Olivier Schmouker|Publié le 26 novembre 2024

L’art subtil de dire non

Une étude montre qu'un refus est, en général, mieux vécu que ce qu'on imagine. (Photo: Erwan Hersy pour Unsplash)

Q. — «Dans un sens, je suis chanceux. Plusieurs membres de mon équipe n’arrêtent pas d’avoir des idées neuves et de proposer des projets inédits. Mais je me retrouve dans la position de devoir dire non plus souvent qu’autrement, car il est impossible de dire oui à tout. Ma crainte est donc la suivante: mes refus à répétition ne risquent-ils pas, à la longue, de les démotiver?» – Dieudonné

R. — Cher Dieudonné, il est courant de se sentir mal lorsqu’on dit non à quelqu’un de proche, en particulier à un collègue que l’on côtoie quotidiennement. On sait que celui-ci a beaucoup réfléchi à son idée avant de nous la présenter. Qu’il est convaincu de la pertinence de celle-ci. Et pourtant, pour une raison x ou y (mauvais timing, manque de ressources, etc.), il nous faut la rejeter. On a dès lors la triste sensation d’être dans une situation perdant-perdant.

Bon. Prenons un pas de recul par rapport à ce que je viens de présenter. Et demandons-nous si nous sommes alors vraiment dans une situation perdant-perdant. D’où vient, en vérité, cette impression?
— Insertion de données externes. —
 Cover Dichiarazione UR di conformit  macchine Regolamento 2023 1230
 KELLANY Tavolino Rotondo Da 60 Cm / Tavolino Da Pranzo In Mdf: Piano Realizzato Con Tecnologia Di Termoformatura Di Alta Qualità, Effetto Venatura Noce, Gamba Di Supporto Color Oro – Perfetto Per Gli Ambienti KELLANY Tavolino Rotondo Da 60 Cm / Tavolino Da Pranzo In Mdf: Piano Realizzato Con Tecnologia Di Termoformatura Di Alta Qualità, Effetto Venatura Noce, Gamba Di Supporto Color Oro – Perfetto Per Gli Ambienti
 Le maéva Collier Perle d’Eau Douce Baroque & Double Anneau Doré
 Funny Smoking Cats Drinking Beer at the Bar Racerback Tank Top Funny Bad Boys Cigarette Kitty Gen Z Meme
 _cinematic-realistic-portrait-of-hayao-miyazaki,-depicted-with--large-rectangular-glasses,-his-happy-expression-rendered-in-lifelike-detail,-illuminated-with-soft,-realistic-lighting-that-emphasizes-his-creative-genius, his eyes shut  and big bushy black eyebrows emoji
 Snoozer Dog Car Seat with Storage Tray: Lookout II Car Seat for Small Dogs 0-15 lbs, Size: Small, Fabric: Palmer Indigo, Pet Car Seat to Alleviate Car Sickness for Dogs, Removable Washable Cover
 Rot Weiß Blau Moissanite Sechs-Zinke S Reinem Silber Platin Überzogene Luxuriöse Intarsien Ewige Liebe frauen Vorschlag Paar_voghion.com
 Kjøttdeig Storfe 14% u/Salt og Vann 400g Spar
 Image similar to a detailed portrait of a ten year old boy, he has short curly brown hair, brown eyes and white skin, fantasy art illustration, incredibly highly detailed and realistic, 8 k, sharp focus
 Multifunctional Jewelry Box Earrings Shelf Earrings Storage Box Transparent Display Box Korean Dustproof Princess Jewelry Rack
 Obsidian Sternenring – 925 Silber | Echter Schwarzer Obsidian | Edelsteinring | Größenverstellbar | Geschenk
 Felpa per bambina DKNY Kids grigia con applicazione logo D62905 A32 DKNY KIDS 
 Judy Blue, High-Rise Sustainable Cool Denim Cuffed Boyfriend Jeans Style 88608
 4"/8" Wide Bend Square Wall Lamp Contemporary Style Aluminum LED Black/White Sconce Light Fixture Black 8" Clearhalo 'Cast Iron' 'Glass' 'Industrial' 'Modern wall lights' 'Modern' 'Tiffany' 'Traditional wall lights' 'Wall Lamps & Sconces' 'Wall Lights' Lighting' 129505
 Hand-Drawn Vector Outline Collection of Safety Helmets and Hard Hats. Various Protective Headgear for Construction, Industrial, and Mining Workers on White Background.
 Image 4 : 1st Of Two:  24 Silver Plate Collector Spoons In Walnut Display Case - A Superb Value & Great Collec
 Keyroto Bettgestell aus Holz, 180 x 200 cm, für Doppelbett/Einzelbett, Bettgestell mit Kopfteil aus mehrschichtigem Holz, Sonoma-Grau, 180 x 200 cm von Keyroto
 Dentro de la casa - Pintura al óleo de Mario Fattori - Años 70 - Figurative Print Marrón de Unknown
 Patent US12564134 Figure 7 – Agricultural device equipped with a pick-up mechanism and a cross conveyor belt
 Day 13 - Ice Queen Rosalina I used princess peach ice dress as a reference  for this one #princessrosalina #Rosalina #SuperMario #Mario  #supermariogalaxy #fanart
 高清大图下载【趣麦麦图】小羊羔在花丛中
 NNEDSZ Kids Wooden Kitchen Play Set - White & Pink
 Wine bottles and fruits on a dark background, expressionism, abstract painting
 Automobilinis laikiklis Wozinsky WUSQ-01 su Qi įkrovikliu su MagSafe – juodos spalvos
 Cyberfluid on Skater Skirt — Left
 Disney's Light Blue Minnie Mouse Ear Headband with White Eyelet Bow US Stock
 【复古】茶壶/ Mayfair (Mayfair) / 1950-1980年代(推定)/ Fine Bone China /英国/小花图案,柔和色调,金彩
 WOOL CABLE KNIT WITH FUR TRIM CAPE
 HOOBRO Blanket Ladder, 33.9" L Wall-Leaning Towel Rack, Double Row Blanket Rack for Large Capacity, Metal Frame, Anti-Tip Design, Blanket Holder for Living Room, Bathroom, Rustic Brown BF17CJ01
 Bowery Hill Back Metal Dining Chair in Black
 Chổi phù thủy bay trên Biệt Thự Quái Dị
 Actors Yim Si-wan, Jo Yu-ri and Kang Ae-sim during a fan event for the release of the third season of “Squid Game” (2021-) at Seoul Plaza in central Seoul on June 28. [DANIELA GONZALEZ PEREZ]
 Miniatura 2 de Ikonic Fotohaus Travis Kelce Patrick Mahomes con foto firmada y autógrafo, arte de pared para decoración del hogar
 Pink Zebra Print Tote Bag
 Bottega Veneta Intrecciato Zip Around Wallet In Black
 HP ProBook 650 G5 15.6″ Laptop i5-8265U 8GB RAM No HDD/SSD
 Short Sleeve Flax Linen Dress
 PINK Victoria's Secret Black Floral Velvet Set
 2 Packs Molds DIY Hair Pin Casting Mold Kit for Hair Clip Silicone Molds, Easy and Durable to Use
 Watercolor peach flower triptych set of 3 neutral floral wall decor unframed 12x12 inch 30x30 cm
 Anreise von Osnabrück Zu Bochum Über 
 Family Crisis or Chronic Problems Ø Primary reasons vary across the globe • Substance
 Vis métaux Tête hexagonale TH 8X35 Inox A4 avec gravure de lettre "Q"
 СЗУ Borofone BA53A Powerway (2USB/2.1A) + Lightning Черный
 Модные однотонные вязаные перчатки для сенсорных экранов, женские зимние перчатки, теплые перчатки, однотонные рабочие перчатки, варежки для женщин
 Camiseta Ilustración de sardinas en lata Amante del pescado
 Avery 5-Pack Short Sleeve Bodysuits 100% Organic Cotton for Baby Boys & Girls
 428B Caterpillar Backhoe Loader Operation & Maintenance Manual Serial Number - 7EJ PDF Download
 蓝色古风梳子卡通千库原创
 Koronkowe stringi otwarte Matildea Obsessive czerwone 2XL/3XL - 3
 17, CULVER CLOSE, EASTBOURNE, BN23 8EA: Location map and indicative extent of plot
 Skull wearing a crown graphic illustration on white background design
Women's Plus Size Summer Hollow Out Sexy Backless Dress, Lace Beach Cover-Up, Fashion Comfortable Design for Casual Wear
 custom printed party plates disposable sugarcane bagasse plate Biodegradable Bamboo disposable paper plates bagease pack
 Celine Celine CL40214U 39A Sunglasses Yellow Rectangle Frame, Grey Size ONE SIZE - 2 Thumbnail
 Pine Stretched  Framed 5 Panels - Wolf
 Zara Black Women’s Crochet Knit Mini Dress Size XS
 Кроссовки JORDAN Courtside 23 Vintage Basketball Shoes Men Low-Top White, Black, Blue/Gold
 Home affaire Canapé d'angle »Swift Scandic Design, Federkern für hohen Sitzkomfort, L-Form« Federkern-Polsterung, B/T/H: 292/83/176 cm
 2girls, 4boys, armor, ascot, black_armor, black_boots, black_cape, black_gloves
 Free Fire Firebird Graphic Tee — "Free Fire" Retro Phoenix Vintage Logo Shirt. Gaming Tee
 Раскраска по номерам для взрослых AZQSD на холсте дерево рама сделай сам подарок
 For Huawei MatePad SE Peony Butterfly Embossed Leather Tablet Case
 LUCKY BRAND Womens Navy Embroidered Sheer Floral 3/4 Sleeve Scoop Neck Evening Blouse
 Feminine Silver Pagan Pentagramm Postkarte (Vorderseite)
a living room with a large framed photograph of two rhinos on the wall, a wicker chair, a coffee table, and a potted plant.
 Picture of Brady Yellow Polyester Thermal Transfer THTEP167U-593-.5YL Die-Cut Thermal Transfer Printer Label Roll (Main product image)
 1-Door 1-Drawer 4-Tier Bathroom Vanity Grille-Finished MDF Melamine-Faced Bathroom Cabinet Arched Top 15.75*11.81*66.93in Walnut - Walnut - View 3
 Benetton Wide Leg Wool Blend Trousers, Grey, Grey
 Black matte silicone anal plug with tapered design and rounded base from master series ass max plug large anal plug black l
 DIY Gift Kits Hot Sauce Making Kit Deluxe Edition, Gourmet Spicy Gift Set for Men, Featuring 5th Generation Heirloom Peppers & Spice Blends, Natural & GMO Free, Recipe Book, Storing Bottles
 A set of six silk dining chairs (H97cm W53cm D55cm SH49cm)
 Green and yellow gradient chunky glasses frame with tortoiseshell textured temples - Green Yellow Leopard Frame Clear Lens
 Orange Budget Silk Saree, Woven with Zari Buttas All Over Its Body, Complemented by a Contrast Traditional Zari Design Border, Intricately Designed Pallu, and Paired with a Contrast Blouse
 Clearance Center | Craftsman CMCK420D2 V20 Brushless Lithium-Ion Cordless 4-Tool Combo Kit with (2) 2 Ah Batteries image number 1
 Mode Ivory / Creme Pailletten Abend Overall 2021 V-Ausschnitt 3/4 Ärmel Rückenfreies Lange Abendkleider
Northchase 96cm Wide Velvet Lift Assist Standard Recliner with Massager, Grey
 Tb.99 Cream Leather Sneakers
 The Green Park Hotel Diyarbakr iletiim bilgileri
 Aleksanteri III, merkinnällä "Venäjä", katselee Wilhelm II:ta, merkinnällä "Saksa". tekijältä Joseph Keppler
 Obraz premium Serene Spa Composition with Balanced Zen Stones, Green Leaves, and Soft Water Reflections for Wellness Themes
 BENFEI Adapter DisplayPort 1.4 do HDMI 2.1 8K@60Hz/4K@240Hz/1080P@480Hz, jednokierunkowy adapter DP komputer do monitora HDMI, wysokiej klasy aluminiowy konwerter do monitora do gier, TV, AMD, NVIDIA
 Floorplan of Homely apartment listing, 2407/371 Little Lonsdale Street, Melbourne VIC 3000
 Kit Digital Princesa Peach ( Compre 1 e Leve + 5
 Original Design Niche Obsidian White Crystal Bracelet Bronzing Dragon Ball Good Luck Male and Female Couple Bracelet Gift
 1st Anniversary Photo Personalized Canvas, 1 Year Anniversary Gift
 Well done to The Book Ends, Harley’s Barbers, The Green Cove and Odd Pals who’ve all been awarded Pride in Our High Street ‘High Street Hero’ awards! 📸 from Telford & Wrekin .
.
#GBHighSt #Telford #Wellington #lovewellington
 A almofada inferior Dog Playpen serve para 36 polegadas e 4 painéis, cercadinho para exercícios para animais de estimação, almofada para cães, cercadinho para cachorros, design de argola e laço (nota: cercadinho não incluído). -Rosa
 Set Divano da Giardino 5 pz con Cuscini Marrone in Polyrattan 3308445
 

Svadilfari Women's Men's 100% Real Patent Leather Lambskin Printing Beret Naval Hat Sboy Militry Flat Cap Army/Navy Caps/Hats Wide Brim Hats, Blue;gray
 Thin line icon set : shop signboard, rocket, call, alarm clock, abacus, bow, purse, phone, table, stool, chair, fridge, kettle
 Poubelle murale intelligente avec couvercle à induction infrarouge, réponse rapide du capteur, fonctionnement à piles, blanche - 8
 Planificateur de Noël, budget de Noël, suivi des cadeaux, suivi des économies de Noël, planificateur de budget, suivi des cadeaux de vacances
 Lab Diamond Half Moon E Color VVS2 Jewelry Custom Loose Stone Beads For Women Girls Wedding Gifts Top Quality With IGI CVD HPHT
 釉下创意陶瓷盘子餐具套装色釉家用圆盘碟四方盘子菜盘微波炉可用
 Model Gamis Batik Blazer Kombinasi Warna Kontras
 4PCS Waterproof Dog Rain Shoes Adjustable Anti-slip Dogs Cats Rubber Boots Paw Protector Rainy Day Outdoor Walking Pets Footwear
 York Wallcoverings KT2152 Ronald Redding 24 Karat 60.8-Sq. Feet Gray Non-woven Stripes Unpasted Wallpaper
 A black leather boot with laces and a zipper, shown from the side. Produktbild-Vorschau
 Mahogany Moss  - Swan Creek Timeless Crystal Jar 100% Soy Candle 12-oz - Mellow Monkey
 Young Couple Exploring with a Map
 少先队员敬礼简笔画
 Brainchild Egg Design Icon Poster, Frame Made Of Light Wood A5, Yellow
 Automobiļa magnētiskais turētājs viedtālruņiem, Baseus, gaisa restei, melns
Julian Givi est professeur de marketing au John Chambers College of Business and Economics, à Morgantown (États-Unis). Coleen Kirk est également professeure de marketing, au New York Institute of Technology. Ensemble, les deux chercheurs ont procédé à cinq expériences complémentaires auprès de plusieurs centaines de personnes volontaires afin de voir qu’elles étaient les conséquences psychologiques réelles pour ceux qui disent non ainsi que pour ceux qui essuient le refus. Dans l’une de ces expériences, il s’agissait d’une invitation à aller au restaurant. Dans une autre, d’une proposition à aller visiter un musée. Etc.

Résultat? «Il est souvent difficile de dire non parce que nous avons la fâcheuse tendance de surestimer les conséquences négatives du refus», notent les deux chercheurs dans leur étude. Nous sommes alors prompts à croire que celui qui se fait dire non va être en colère, va considérer qu’on ne l’estime pas à sa juste valeur, ou encore va réagir en ne faisant plus de telles propositions à l’avenir. Or, il n’en est rien, en général. Se faire dire non n’est pas si dramatique que ça, ce n’est pas pris si personnel que ça, ce n’est pas considéré comme une rebuffade infamante. Non, ce n’est pas la fin du monde.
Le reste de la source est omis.